• **The problem**: The reply must contain exactly the lines below from the one with "0.94 Carat Emerald" down to the one with "キャンター　標準ロング　全低", both included, and nothing more; please omit the pictures.

(Web page caption snippets)
== Segment start ==
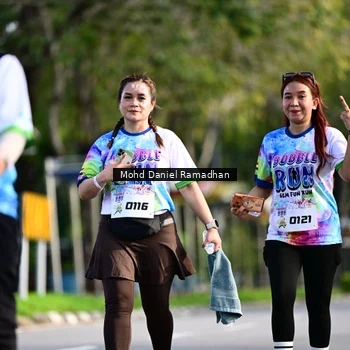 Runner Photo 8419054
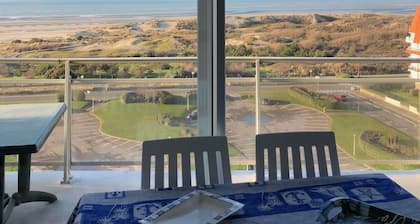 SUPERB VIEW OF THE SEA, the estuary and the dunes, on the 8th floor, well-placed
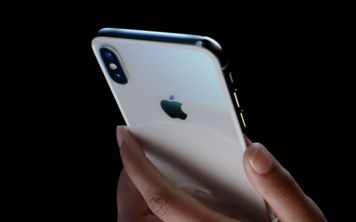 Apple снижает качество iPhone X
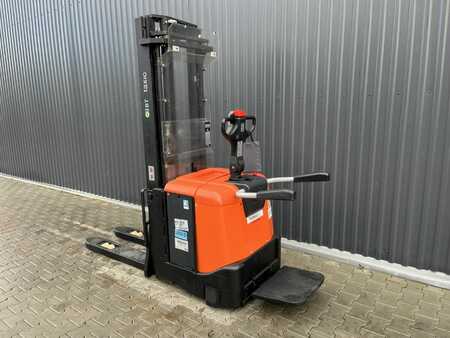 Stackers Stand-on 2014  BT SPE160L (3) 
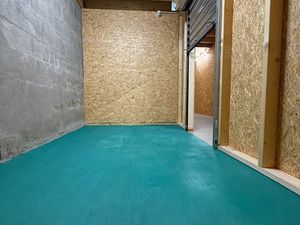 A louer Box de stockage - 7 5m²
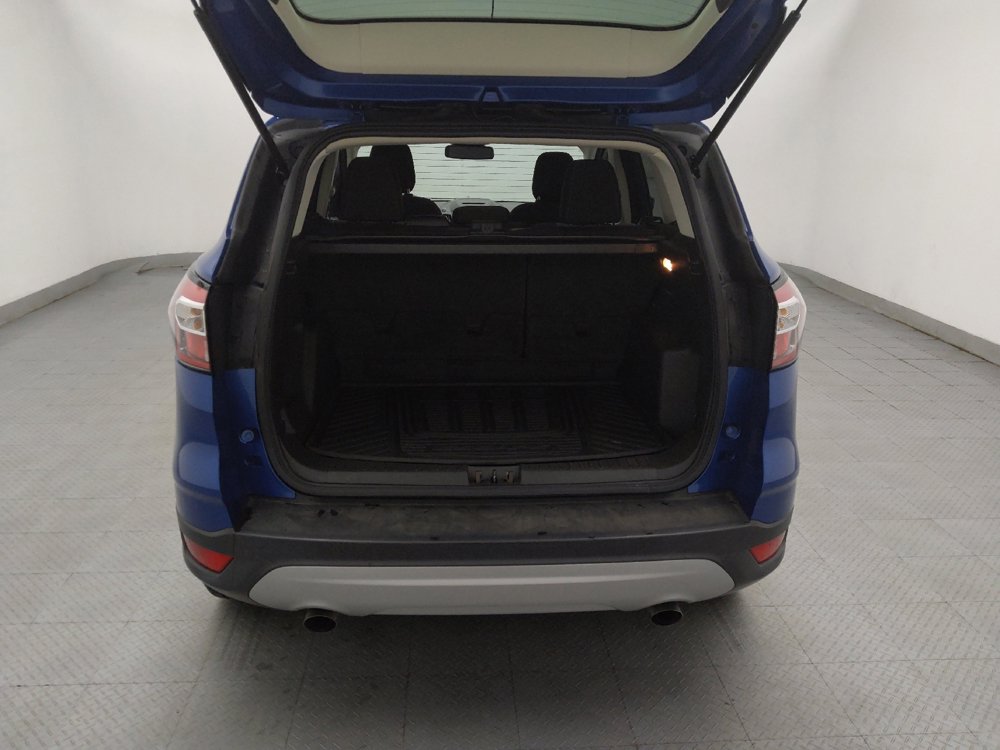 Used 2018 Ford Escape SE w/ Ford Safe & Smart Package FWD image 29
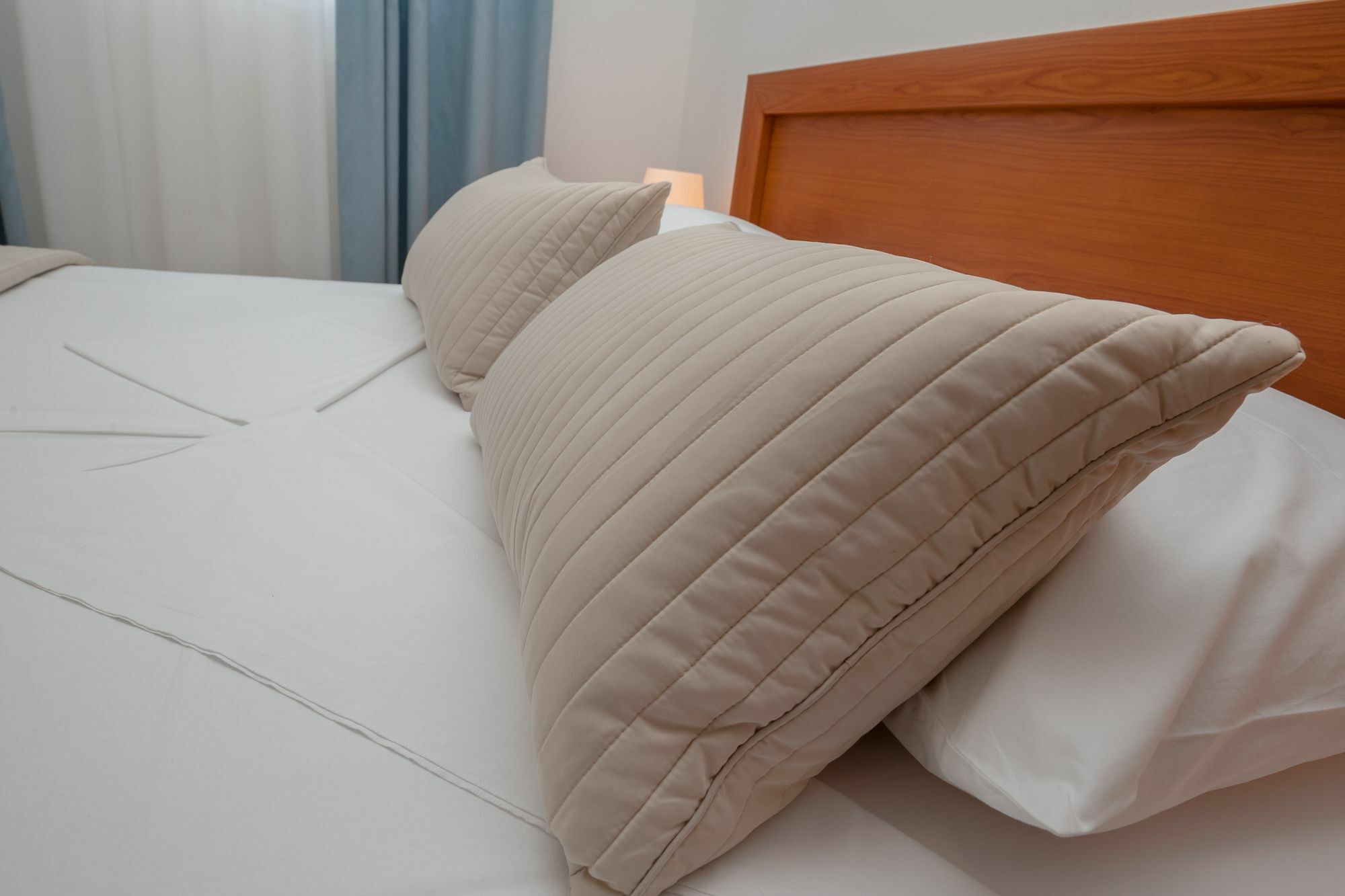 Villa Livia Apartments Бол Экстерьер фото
== Segment end ==
== Segment start ==
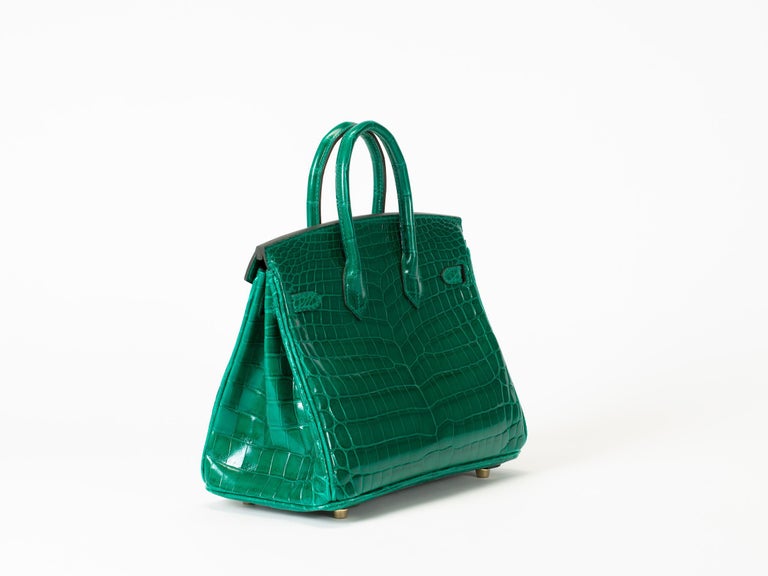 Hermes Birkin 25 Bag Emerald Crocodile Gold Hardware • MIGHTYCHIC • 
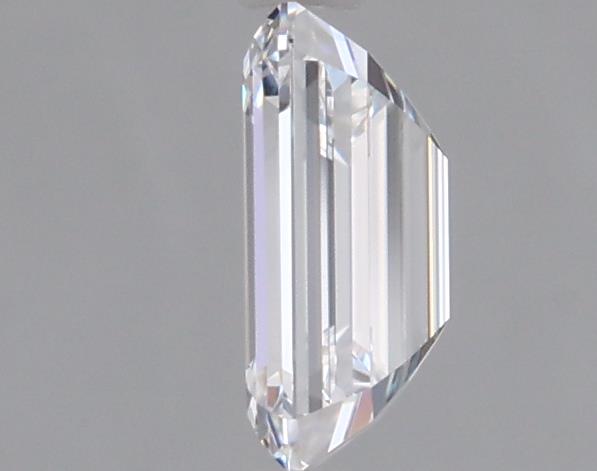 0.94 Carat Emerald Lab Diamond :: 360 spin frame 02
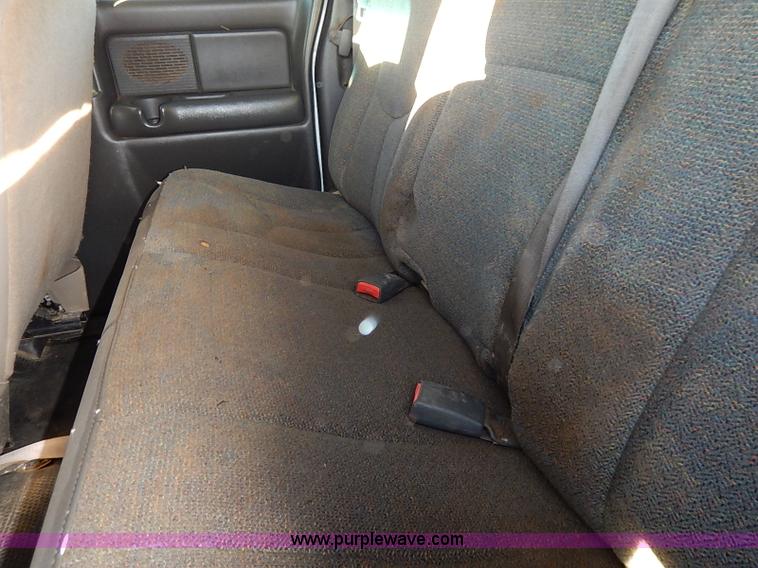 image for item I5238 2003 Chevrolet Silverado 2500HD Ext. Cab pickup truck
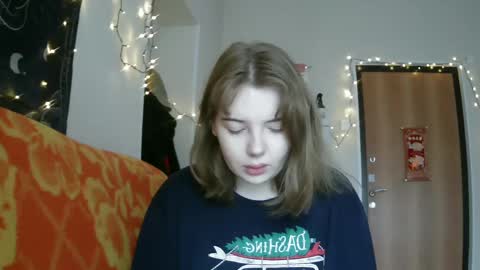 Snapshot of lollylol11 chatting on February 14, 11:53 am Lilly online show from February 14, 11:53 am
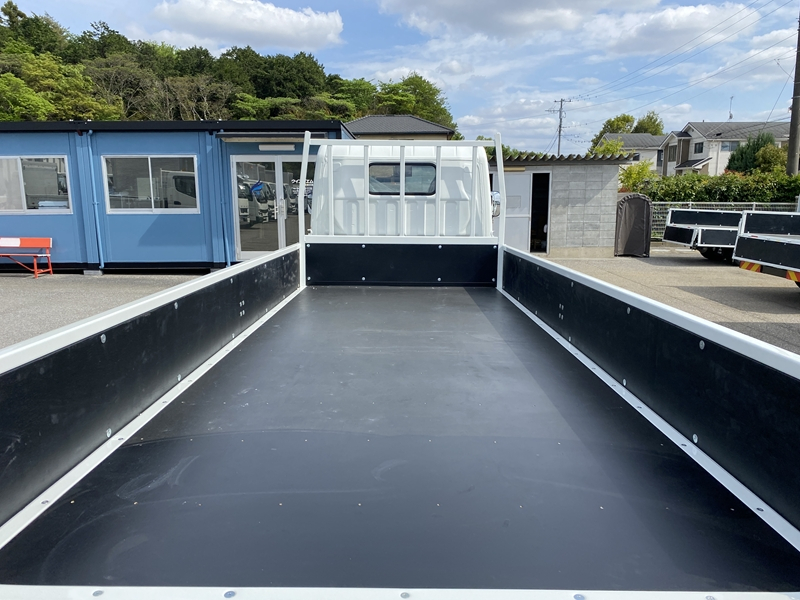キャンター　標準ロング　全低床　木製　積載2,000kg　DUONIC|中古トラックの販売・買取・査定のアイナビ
== Segment end ==
• **Answer box**:
 0.94 Carat Emerald Lab Diamond :: 360 spin frame 02
 image for item I5238 2003 Chevrolet Silverado 2500HD Ext. Cab pickup truck
 Snapshot of lollylol11 chatting on February 14, 11:53 am Lilly online show from February 14, 11:53 am
キャンター　標準ロング　全低床　木製　積載2,000kg　DUONIC|中古トラックの販売・買取・査定のアイナビ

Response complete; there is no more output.